Given a set of returns, say 500 days, and a fixed portfolio construction, you can derive the 500 daily portfolio valuation changes.
You can easily measure the mean and variance of these valuation changes. Since this is a sample you are interested in the confidence of your estimators (i.e. the mean and variance).
One method that is often used is a resampling procedure called bootstrap sampling. Perform 1000 simulations by selecting 500 datapoinst from the original 500 datapoints (WITH replacement).
Each of the 1000 simulations will yield a different mean and different variance. You can estimate the variance of the means and the variance of the variances from this data.
You can read a little more about pros and cons of bootstrap sampling over at wikipedia.
A coin toss
Personally I think bootstrap sampling is an underappreciated/underused area of statistics. Let me give highlight a simple example.

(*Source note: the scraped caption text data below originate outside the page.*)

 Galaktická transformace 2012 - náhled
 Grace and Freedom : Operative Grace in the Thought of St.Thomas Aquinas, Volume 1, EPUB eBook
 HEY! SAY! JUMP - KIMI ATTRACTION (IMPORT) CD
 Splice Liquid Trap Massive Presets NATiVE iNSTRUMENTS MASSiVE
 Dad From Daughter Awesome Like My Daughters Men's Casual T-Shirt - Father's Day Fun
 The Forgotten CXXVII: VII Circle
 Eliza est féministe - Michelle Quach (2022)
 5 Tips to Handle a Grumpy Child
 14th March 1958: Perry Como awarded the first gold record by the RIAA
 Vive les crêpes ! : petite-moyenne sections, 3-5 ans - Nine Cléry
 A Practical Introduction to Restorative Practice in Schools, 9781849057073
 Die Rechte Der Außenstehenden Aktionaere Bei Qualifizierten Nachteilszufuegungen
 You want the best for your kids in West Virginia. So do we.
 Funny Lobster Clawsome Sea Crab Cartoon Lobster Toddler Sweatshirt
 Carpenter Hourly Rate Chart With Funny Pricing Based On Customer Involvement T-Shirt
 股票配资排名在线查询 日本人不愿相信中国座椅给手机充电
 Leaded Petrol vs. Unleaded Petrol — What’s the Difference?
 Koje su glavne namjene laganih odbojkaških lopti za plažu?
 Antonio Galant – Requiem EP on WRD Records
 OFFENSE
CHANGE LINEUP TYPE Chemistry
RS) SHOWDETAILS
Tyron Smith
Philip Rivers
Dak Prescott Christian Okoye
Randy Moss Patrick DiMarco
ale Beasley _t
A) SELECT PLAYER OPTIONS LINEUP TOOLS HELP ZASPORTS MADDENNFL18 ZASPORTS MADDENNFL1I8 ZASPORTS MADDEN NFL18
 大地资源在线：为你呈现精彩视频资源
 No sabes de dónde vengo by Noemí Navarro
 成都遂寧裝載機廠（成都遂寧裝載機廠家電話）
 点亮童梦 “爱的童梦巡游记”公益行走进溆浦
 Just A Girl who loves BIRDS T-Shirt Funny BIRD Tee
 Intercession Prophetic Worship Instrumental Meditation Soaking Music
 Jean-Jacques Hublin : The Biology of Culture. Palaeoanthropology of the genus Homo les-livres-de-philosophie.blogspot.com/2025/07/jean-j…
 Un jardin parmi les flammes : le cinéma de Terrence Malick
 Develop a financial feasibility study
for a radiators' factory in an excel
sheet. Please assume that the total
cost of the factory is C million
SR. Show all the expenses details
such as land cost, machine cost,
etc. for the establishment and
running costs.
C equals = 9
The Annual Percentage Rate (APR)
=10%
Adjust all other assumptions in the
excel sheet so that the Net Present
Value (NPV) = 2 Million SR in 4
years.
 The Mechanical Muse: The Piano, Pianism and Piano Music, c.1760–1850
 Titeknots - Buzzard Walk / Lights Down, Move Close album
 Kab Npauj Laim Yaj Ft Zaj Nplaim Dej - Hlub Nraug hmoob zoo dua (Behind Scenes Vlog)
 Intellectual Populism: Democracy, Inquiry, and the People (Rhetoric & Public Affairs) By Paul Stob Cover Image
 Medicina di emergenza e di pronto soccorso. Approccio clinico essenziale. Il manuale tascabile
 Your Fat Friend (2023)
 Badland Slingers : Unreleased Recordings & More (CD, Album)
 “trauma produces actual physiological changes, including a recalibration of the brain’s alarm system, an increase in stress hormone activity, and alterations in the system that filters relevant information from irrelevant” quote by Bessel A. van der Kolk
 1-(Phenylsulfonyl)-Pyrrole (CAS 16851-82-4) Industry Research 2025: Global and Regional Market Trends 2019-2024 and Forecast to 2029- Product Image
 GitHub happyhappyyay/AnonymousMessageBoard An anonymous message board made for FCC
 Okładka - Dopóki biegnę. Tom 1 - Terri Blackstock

Suppose you toss a coin 20 times and receive the result:
1 1 0 1 0 0 0 1 1 1 1 0 1 0 0 1 0 1 0 1
What does that tell us? It tells us the mean is 0.55 and the variance is 0.26.
But could my mean be wrong and how wrong could it be?
In this scenario we know the true probability of a coin toss is 50% and the distribution is binomial. But consider plotting the real and parametric distributions of outcomes compared with 200 bootstrap samples of 20 datapoints with replacement:
I think that's a powerful result from such a simple technique.